I’m working with a Microsoft Access table that stores its data in the following format:
ID | Document | Revision |
---|---|---|
8000C001 | 103A4000X001, 103A4000X002, 103A4000X003 | A, B, A |
8000C002 | 103A5000G002/1/01, /02, /03 | C, D, B |
8000C003 | 103A6000B001 | A |
And I’d like to use an SQL Select query to reformat it like the table below:
ID | Document | Revision |
---|---|---|
8000C001 | 103A4000X001 | A |
8000C001 | 103A4000X002 | B |
8000C001 | 103A4000X003 | A |
8000C002 | 103A5000G002/1/01 | C |
8000C002 | 103A5000G002/1/02 | D |
8000C002 | 103A5000G002/1/03 | B |
8000C003 | 103A6000B001 | A |
Documents are divided by a comma, but when documents have the same prefix, subsequent files are abbreviated.
I set up a second table that contains the latest revision of EVERY document, and am currently using an outer join statement to reformat the data.
SELECT
one.ID
two.Document,
two.Revision,
FROM [All Documents] AS one
RIGHT JOIN [Active Documents] AS two
ON (one.Document LIKE IIf(InStr(two.Document,"/")<>0, "*" & Left(two.Document,InStr(two.Document,"/")-1) & "*" & Right(two.Document,Len(two.Document)-InStr(two.Document,"/")) & "*", "*" & two.Document & "*"))
AND (one.Revision LIKE "*" & two.Revision & "*");
This DOES work, but it is very slow.
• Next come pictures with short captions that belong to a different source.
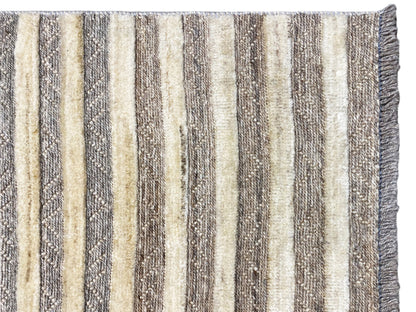 Kelim Teppich Detailansicht: vertikale und diagonale Streifen in Beige und Grau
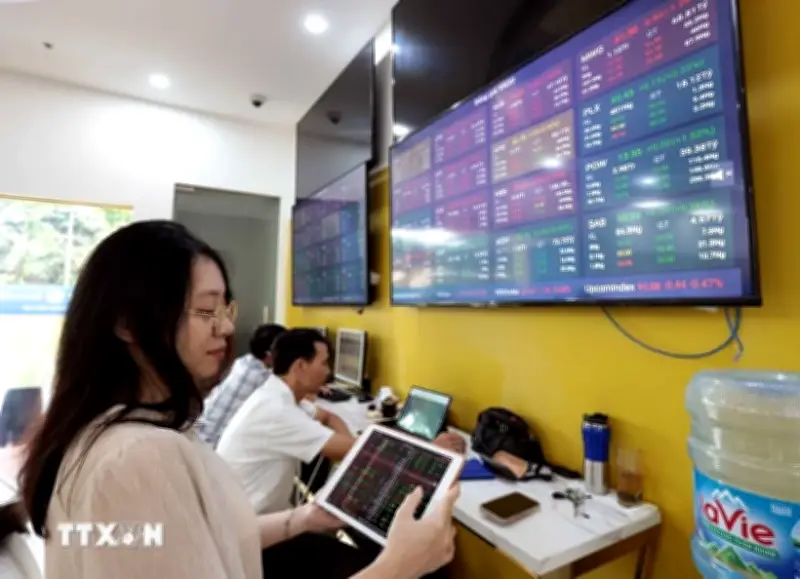 VN-Index tăng gần 21 điểm nhờ nhóm Vingroup và dầu khí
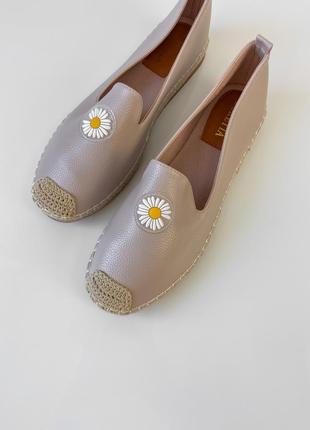 Бежеві сліпони з канатика декоровані ромашкою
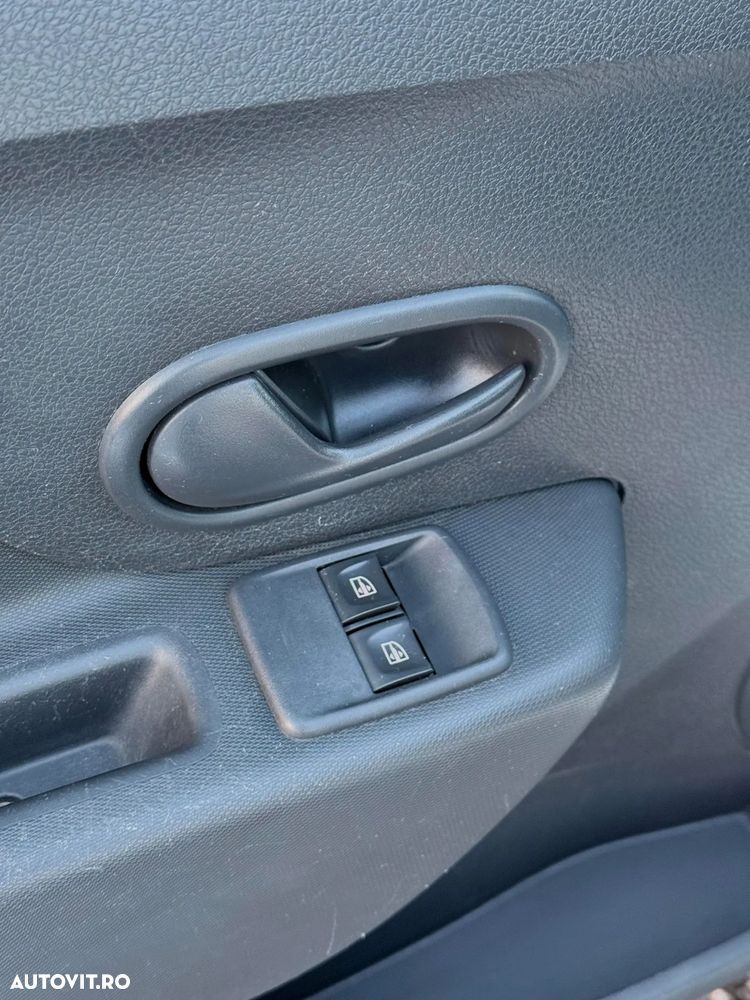 Dacia Logan 0.9 TCe Ambiance - 23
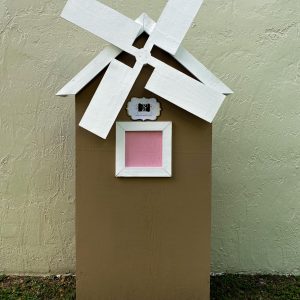 Traditional Farm Windmill Backdrop – Rentals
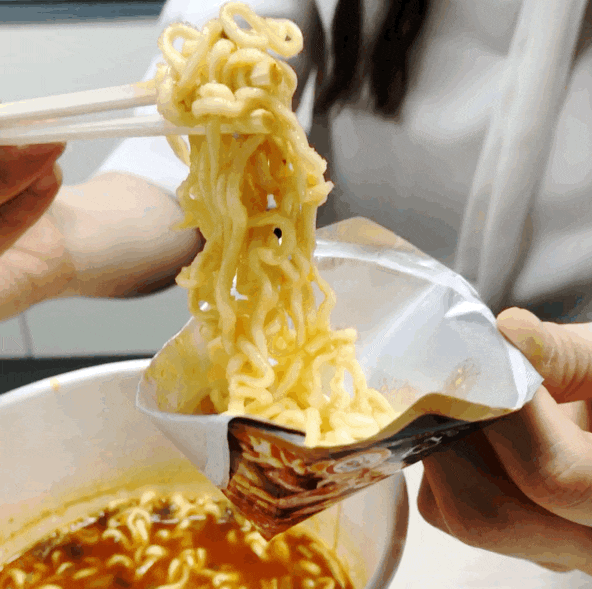 컵라면 뚜껑으로 깔때기 만들어서 먹어본 적 있다 vs 없다 | 인스티즈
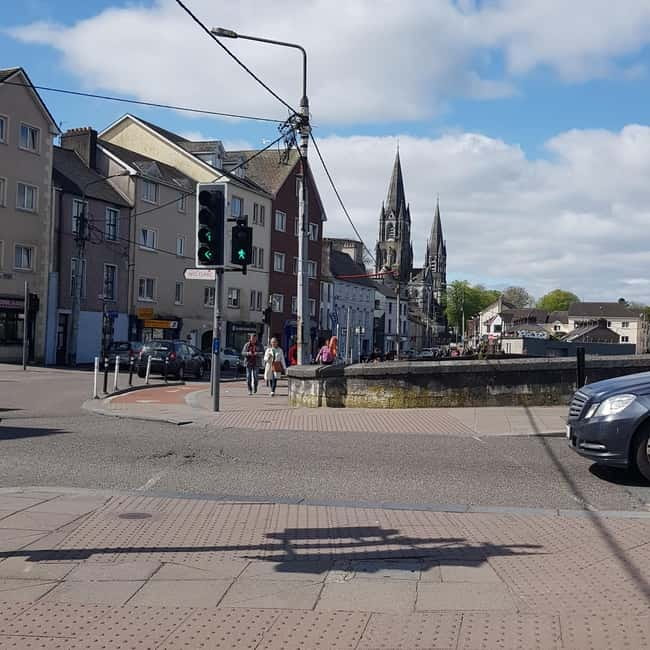 Visite guidée de Cork city en français avec guide - St Finbarr and Washington Street, the route that makes sense at the end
Running the query can take over 20 seconds to finish, so I started writing a second script that uses Unions to format the data instead:
SELECT
one.ID
one.Document,
one.Revision
FROM 8110 AS one WHERE one.Document NOT like "*,*"
UNION
SELECT
one.ID,
Trim(Left(one.Document, InStr(one.Document, ",") - 1)),
Left(one.Rev, 1)
FROM 8110 AS one WHERE one.Document LIKE "*,*"
UNION
SELECT
one.ID,
IIF(Left(Trim(Mid(one.Document, InStr(one.Document, ",") + 1)), 1) = "/", Left(one.Document, InStrRev(Trim(Left(one.Document,InStr(one.Document,",")-1)), "/")) & Trim(Mid(one.Document, InStr(one.Document, ",") + 3)), Trim(Mid(one.Document, InStr(one.Document, ",") + 1))),
Trim(Mid(one.Revision, InStr(one.Revision, ",") + 1))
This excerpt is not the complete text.